== Action item ==
Word for word, copy the lines from the one with "CLINOFAR ΑΠΟΣΤΕΙΡΩΜΕΝΟΣ ΦΥΣΙΟΛΟΓΙΚΟΣ" to the last line of the data below, counting both, and keep every picture out.

(Stored records)
______________________________
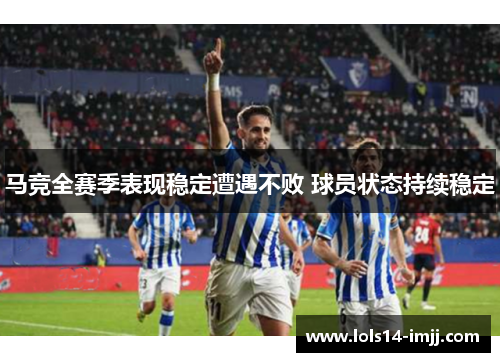 马竞全赛季表现稳定遭遇不败 球员状态持续稳定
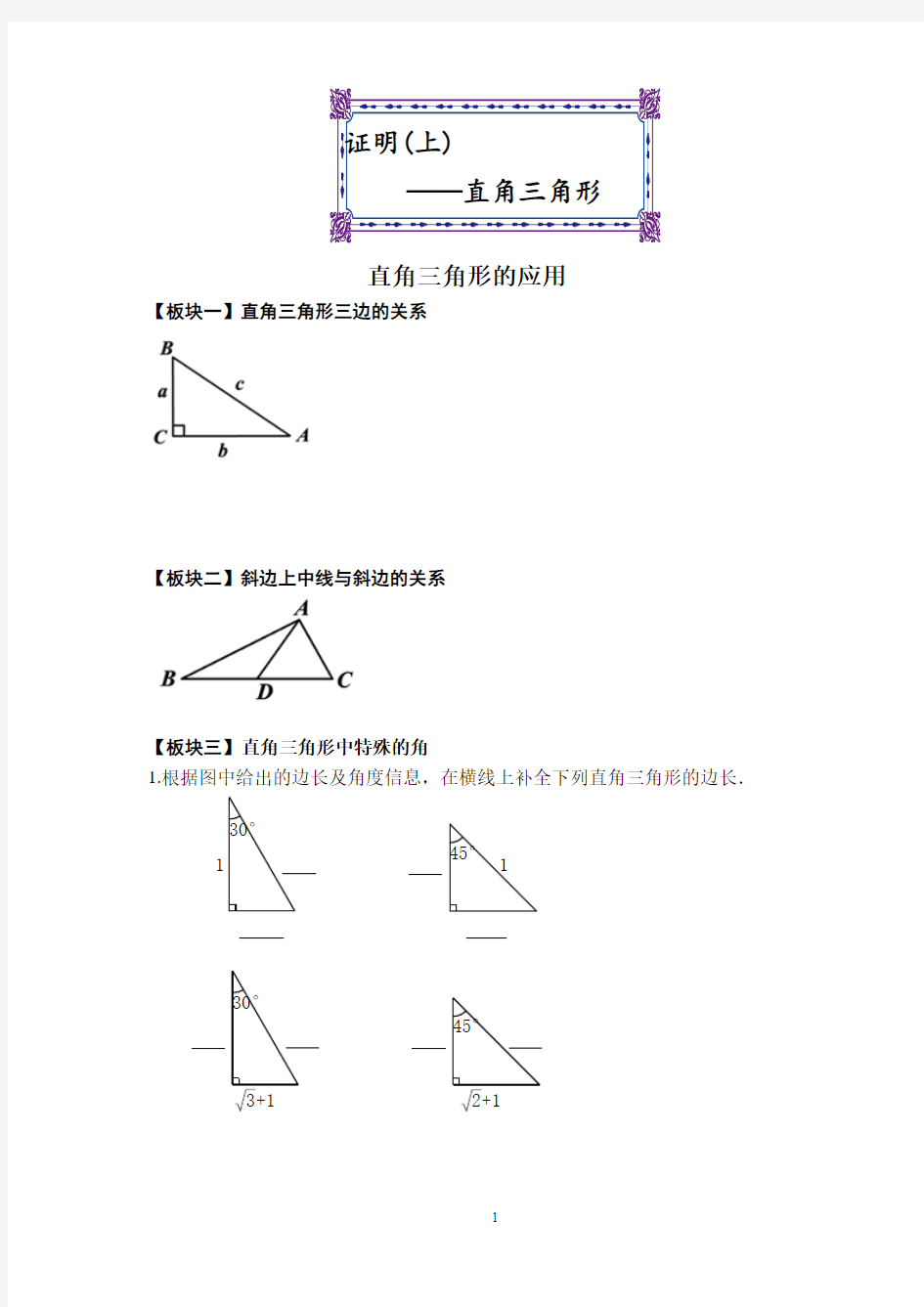 直角三角形中的证明题小结精编整理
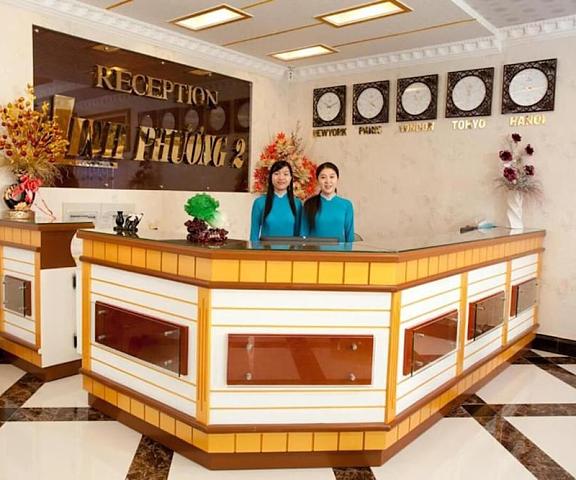 Linh Phuong 2 Hotel Kien Giang Can Tho Lobby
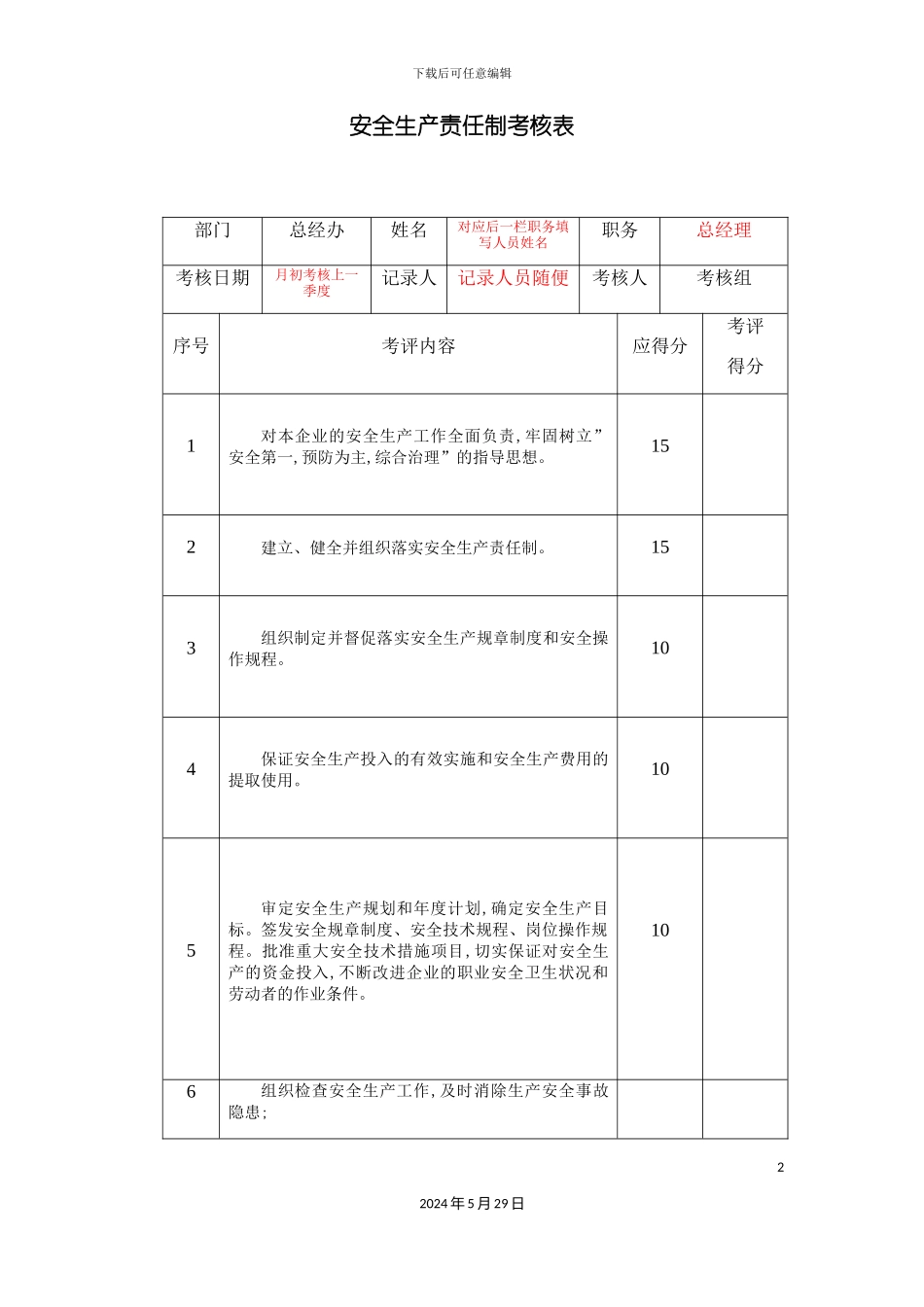 安全生产标准化记录表_第2页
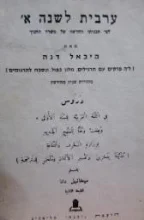 עטיפת הספר ערבית לשנה א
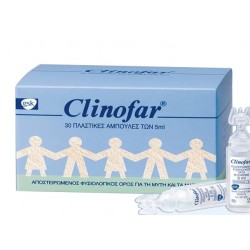 CLINOFAR ΑΠΟΣΤΕΙΡΩΜΕΝΟΣ ΦΥΣΙΟΛΟΓΙΚΟΣ ΟΡΟΣ 30Χ5ML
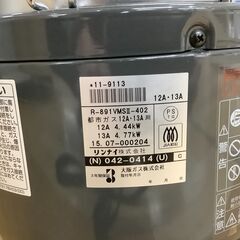 Rinnai 都市ガスストーブ【トレファク岸和田店】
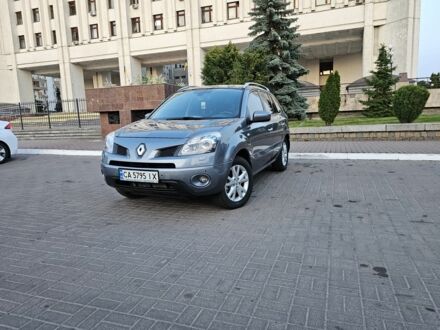 Рено Колеос 2008 в Черкассах на Automoto.ua Серый Рено Колеос, объемом двигателя 2.5 л и пробегом 233 тыс. км за 7700 $, фото 1 на Automoto.ua
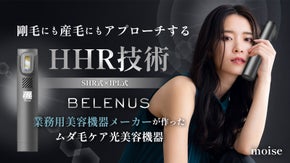 業務用美容機器メーカーが製造！プロの技術を凝縮した家庭用ムダ毛ケア光美容マシン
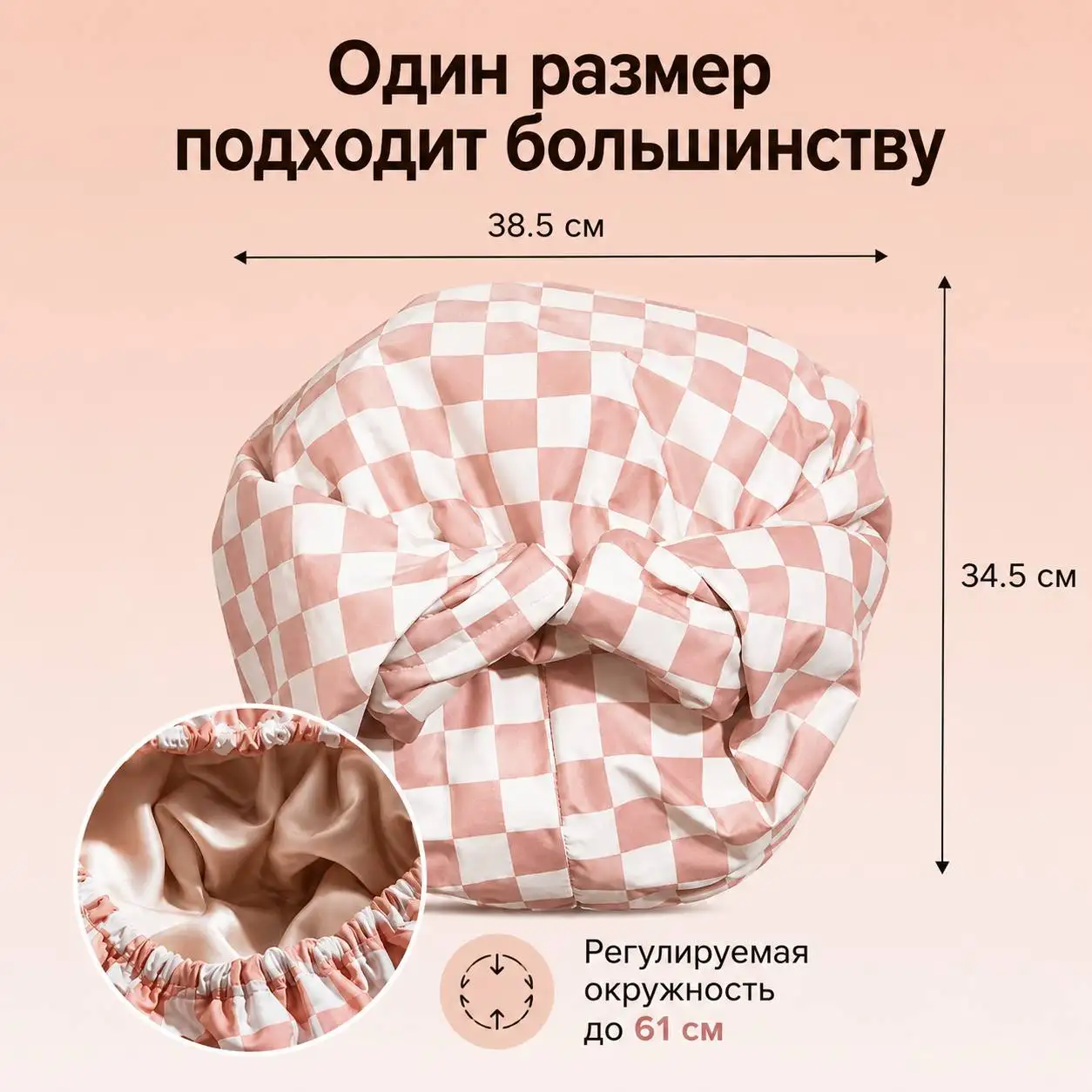 Универсальный размер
______________________________
== Problem solution ==
 CLINOFAR ΑΠΟΣΤΕΙΡΩΜΕΝΟΣ ΦΥΣΙΟΛΟΓΙΚΟΣ ΟΡΟΣ 30Χ5ML
 Rinnai 都市ガスストーブ【トレファク岸和田店】
 Рено Колеос 2008 в Черкассах на Automoto.ua Серый Рено Колеос, объемом двигателя 2.5 л и пробегом 233 тыс. км за 7700 $, фото 1 на Automoto.ua
 業務用美容機器メーカーが製造！プロの技術を凝縮した家庭用ムダ毛ケア光美容マシン
 Универсальный размер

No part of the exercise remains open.